Exercise inputs section start

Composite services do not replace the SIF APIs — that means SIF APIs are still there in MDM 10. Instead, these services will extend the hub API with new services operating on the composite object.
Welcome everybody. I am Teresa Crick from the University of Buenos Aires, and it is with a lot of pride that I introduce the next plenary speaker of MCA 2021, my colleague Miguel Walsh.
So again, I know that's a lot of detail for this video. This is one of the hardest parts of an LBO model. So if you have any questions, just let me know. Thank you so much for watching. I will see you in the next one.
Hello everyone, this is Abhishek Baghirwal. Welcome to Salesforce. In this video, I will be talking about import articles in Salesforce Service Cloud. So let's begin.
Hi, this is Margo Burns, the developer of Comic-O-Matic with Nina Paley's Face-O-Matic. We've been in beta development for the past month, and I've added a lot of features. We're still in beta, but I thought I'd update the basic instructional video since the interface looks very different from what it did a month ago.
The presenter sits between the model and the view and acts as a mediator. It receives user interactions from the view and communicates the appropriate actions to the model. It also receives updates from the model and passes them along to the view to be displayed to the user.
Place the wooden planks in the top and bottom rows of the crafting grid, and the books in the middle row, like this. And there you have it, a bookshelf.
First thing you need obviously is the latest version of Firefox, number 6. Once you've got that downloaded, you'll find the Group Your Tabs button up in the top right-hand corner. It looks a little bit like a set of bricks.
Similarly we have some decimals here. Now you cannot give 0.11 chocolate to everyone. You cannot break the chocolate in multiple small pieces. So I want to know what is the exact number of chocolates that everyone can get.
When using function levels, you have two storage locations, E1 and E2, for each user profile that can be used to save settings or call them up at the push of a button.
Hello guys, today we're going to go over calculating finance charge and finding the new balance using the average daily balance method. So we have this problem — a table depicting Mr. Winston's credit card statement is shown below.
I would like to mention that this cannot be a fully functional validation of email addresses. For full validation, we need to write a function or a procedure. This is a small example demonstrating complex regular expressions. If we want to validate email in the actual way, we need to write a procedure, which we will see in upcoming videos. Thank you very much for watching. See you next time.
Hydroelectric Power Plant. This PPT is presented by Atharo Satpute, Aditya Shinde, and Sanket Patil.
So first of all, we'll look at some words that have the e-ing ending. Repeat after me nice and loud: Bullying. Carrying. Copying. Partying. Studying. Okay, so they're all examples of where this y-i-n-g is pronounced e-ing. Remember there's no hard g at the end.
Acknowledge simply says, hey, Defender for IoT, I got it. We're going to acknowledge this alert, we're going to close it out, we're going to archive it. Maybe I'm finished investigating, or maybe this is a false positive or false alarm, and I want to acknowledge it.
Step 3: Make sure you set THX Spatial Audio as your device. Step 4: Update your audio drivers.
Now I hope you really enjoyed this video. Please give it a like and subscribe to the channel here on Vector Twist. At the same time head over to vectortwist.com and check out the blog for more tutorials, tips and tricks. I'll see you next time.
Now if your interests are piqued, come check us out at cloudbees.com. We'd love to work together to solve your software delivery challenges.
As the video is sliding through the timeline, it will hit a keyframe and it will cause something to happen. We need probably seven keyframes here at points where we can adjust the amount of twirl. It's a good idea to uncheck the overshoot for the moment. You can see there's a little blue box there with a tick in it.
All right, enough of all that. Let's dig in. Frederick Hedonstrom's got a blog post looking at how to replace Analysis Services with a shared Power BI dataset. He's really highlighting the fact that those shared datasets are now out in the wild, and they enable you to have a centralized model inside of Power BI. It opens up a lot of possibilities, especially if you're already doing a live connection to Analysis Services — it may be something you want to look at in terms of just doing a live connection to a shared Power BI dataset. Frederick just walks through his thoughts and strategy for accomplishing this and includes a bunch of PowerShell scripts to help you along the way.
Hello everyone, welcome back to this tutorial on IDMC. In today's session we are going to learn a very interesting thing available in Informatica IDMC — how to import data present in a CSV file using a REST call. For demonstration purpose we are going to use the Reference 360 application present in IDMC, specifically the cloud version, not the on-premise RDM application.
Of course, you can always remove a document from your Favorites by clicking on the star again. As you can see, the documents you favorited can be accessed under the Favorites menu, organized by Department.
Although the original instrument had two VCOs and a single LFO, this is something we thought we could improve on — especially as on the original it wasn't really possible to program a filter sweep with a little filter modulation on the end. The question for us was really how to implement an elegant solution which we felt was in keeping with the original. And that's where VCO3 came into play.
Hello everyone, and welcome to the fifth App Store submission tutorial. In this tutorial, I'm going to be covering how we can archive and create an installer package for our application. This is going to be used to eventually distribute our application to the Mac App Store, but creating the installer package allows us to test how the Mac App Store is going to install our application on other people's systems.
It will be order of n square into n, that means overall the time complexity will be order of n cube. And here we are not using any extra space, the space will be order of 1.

Exercise inputs section end

Exercise requirements
Among the records above, find each line containing the string "version" and copy it.

Output of the exercise
First thing you need obviously is the latest version of Firefox, number 6. Once you've got that downloaded, you'll find the Group Your Tabs button up in the top right-hand corner. It looks a little bit like a set of bricks.
Hello everyone, welcome back to this tutorial on IDMC. In today's session we are going to learn a very interesting thing available in Informatica IDMC — how to import data present in a CSV file using a REST call. For demonstration purpose we are going to use the Reference 360 application present in IDMC, specifically the cloud version, not the on-premise RDM application.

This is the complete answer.